I confess to finding a slow & exhaustive but correct solution
in PARI-GP, with thanks to John for pointing the package
out to me a while ago.  I didn't wait to find an elegant method
in J or otherwise.
FWIW,  I probed the logic of another recent Euler problem
(208) in Dyalog APL, but that didn't provide sufficient precision,
and I had to go to J for the final solution.

J APL etc are great for exploring these problems.
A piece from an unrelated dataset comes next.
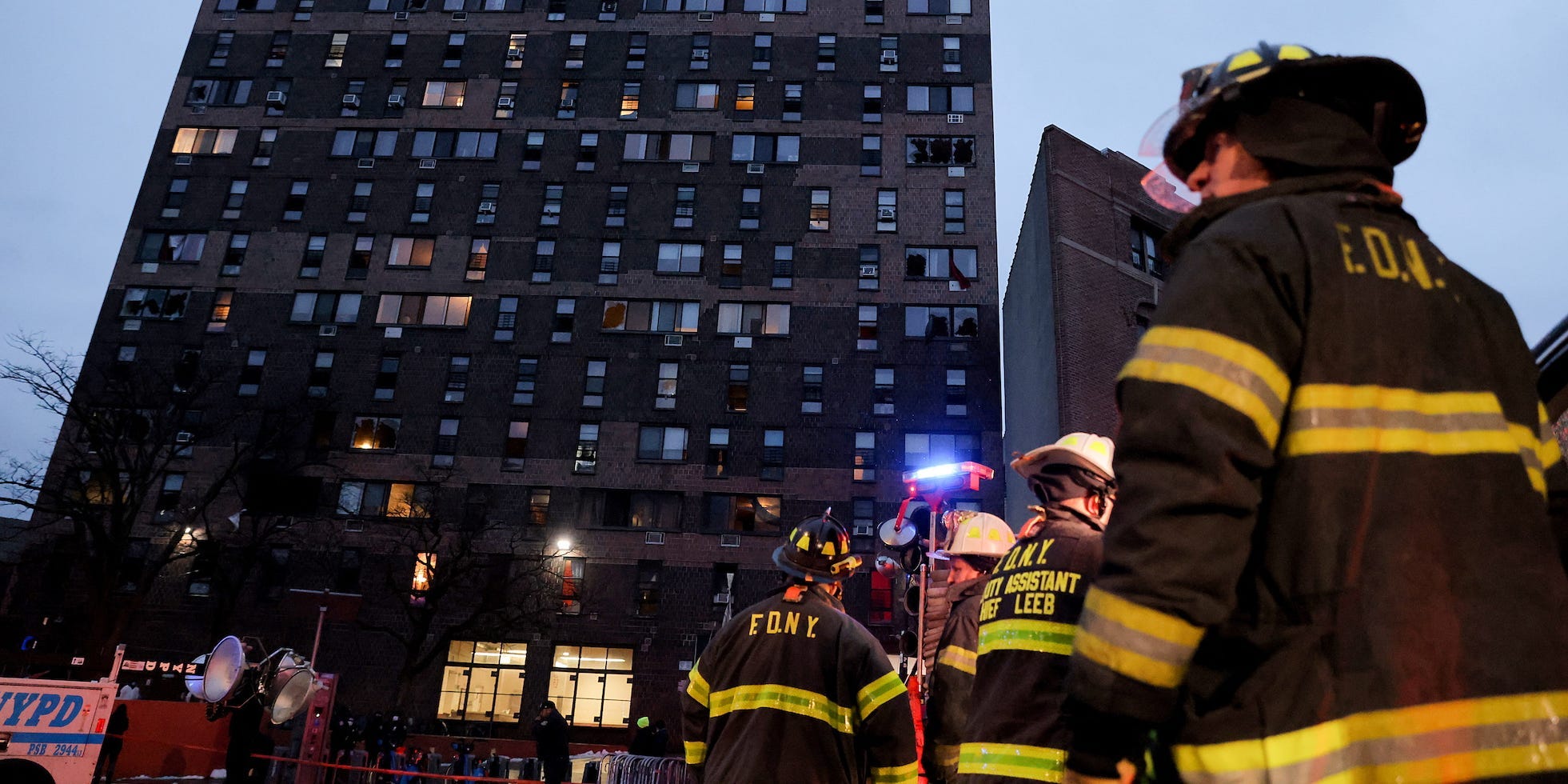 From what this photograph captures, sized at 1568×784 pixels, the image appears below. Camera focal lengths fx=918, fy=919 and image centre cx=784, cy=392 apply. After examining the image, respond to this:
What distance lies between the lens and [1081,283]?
3014 cm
Scaling up
is sometimes a significant extra problem.

Mike

John Randall wrote:
Richard Donovan wrote:
Is anyone working on this problem?

Yes: I solved it in J.

I tried:

   +/ 1 p: <: +: *: >: i. 10000
2202

To confirm the algorithm was working for n <: 10,000

But the actual problem is for n <: 50,000,000 and my algorithm
only works as far as 30,000 before taking excessive time.

If you are going to test every number for primality, you should use the
Miller-Rabin test from

http://www.jsoftware.com/jwiki/Essays/Primality_Tests

However, this will still take a long time in any language.

The problem can actually be solved using no explicit primality testing at
all.  I can write a Java program using this algorithm that runs in a few
seconds, but adapting it to J is still too long.

I ended up using a mixed strategy, with some shortcuts based on the
behavior of the sequence being tested, and some primality testing.  I was
not completely happy with the result, but it was within reason.